→ PROBLEM DESCRIPTION: Restate all the lines below word for word, but omit the pictures.

→ THE DATA:
━━━━━━━━━━━━━━━━━━━━━━━━━━━━━━

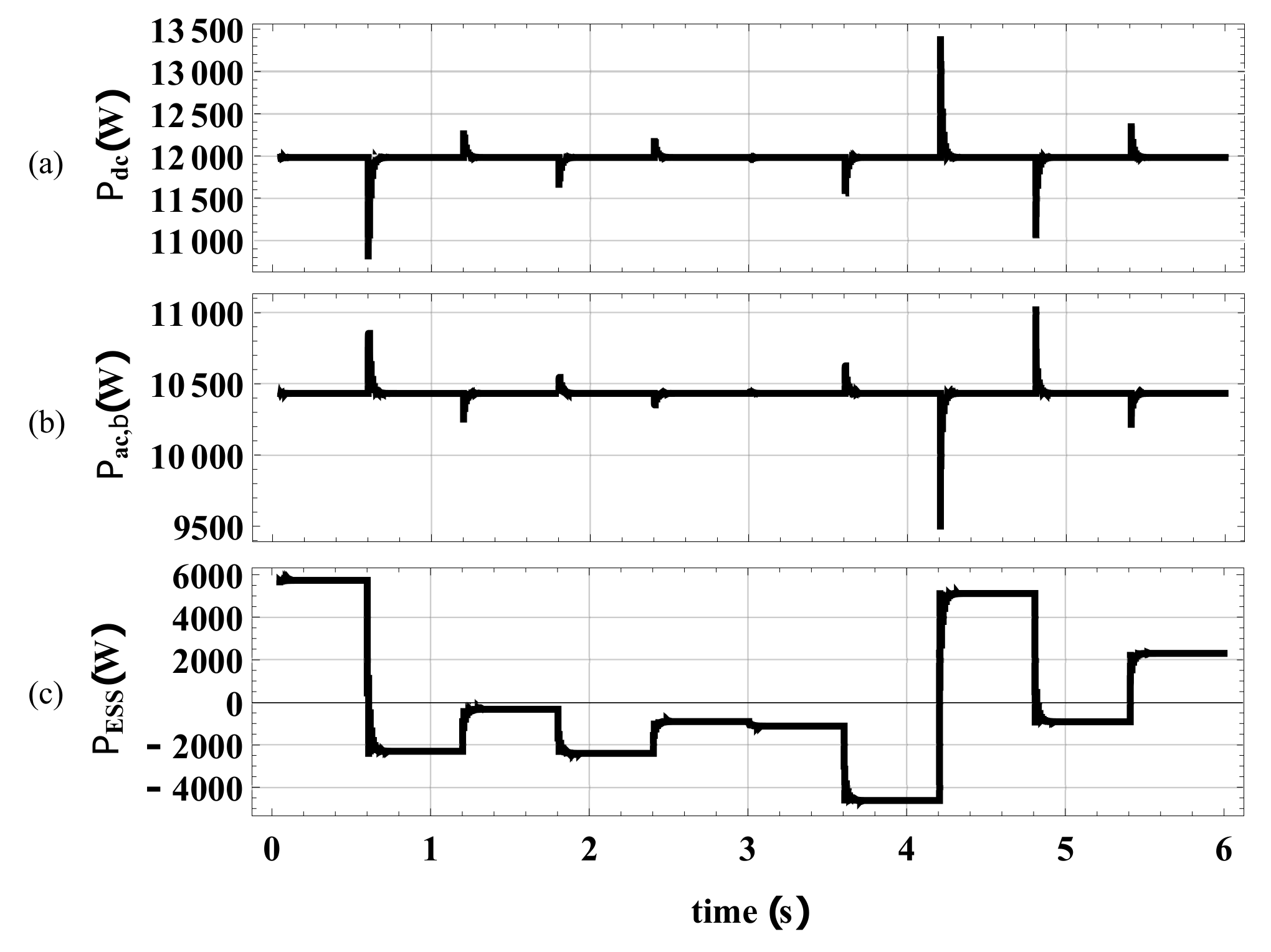 Electronics 09 00638 g008 Electronics 09 00638 g008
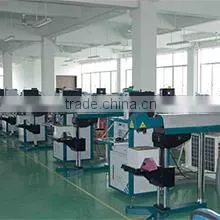 Yongmao Machinery And Electronics (Chongqing) Co., Ltd. company overview - view 1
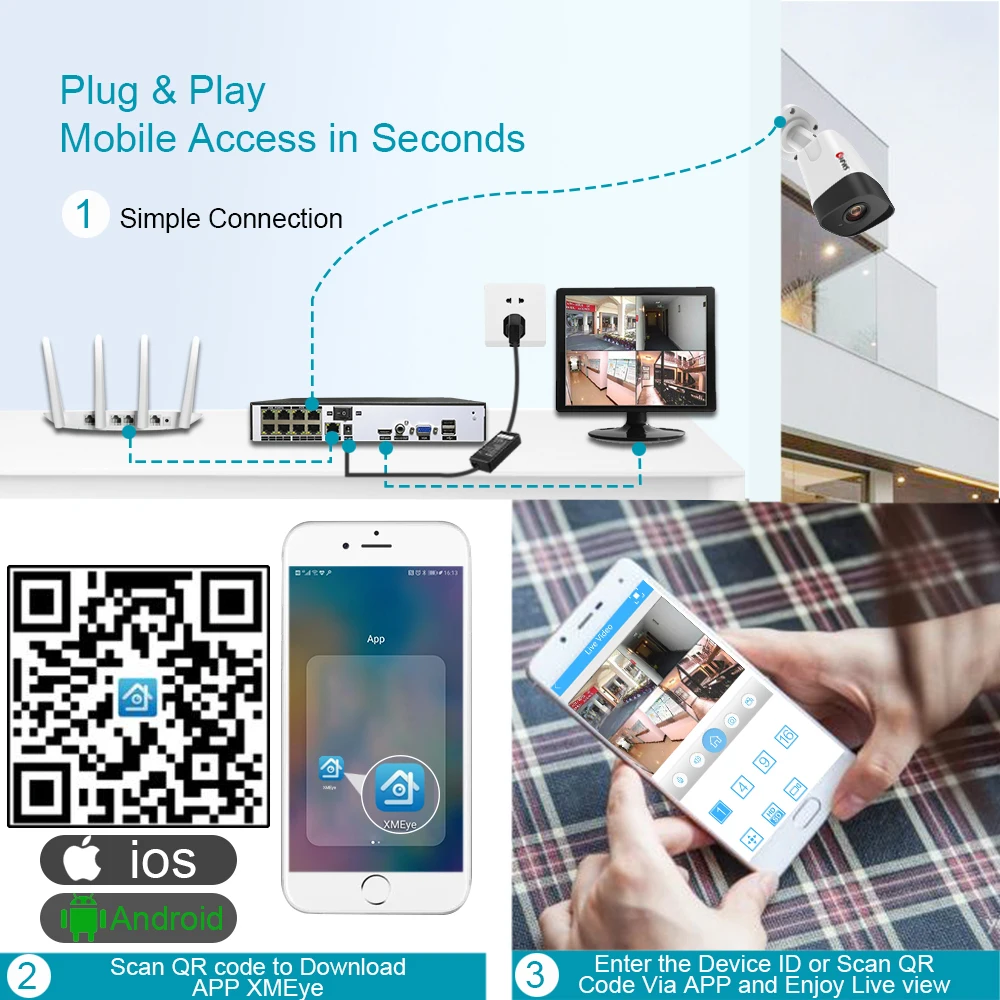 HFWVISION Surveillance camera Video cctv kit 1080P ip camera POE security camera system wifi cameras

━━━━━━━━━━━━━━━━━━━━━━━━━━━━━━

→ YOUR SOLUTION:
 Electronics 09 00638 g008 Electronics 09 00638 g008
 Yongmao Machinery And Electronics (Chongqing) Co., Ltd. company overview - view 1
 HFWVISION Surveillance camera Video cctv kit 1080P ip camera POE security camera system wifi cameras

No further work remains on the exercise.